British historian Arnold J. Toynbee wrote that there were organized atrocities since the Greek occupation of Smyrna on the 15th May 1919. Toynbee also stated that he and his wife were witnesses to the atrocities perpetrated by Greeks in the Yalova, Gemlik, and Ismid areas and they not only obtained abundant material evidence in the shape of "burnt and plundred houses, recent corpses, and terror stricken survivors."[53] but also witnessed robbery by Greek civilians and arsons by Greek soldiers in uniform in the act of perpetration.[54] Toynbee wrote:

"No sooner had they landed than they began a ruthless warfare against the Turkish population, not omitting the commission of atrocities in the worst Near Eastern manner, they laid waste the fertile Maender Valley, and forced thousands of homeless Turks to take refuge beyond the occupied area."[55]

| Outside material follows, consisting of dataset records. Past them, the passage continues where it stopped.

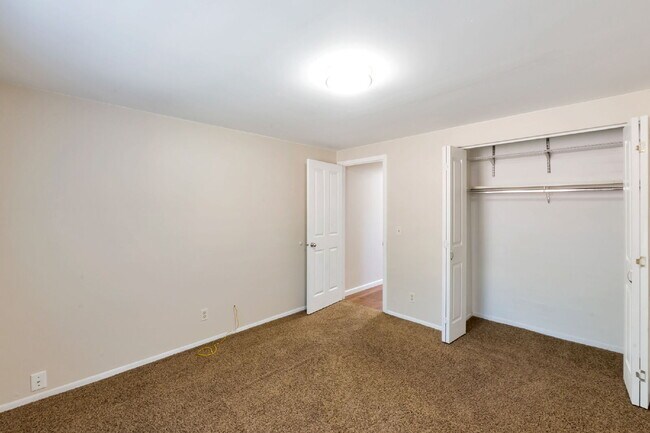 Building Photo - Sugarhouse -  2 Bed 1 Bath 1 Covered Parking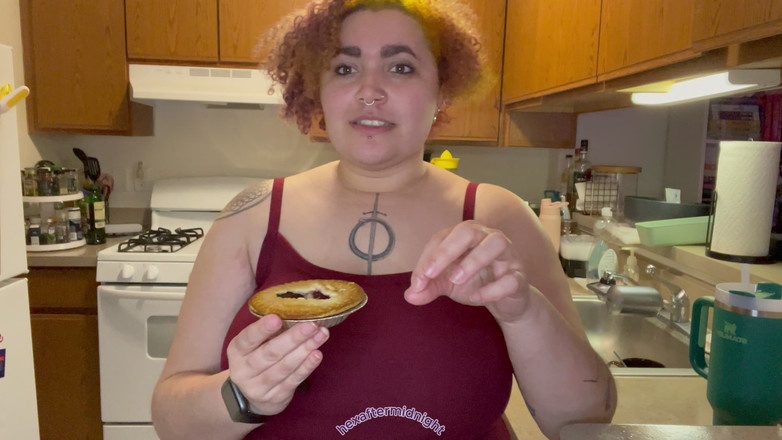 Hex Crimson: Насолоджуйтесь поїданням пирога з моїх ніг, невдаха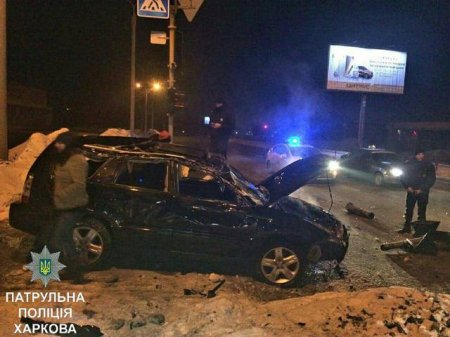 В Харькове автомойщики попали в ДТП на чужом авто (фото)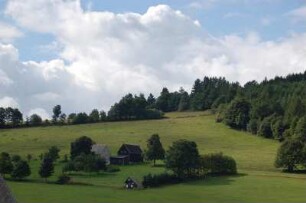 Landschaft bei Seiffen : Seitwärts vom Ortskern gelegene Gehöfte im Spielzeugdorf Seiffen, Erzgebirge, Sachsen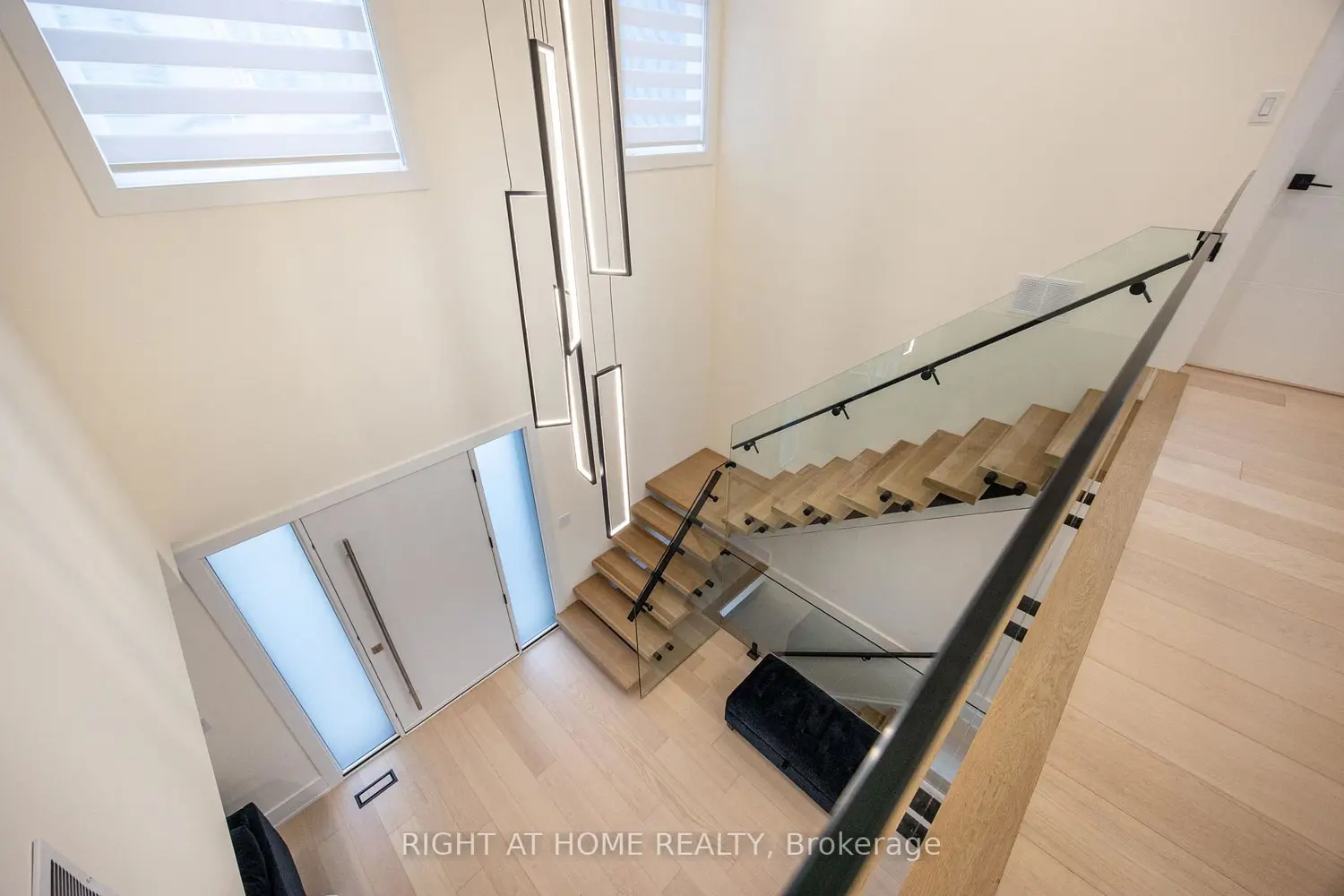 Additional image 4 of 584 Walkers Line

Historian Taner Akcam noted that a British officer claimed:

"The National forces were established solely for the purpose of fighting the Greeks...The Turks are willing to remain under the control of any other state...There was not even an organized resistance at the time of the Greek occupation. Yet the Greeks are persisting in their oppression, and they have continued to burn villages, kill Turks and rape and kill women and young girls and throttle to death children." .[56]

Inter-Allied commission in the Yalova-Gemlik peninsula, in their report of the 23rd May 1921, during the Greek occupation of western Anatolia, wrote that:

" A distinct and regular method appears to have been followed in the destruction of villages, group by group, for the last two months, which destruction has even reached the neighbourhood of the Greek headquarters. The members of the Commission consider that, in the part of the kazas of Yalova and Guemlek occupied by the Greek army, there is a systematic plan of destruction of Turkish villages and extinction of the Moslem population. This plan is being carried out by Greek and Armenian bands, which appear to operate under Greek instructions and sometimes even with the assistance of detachments of regular troops."[57]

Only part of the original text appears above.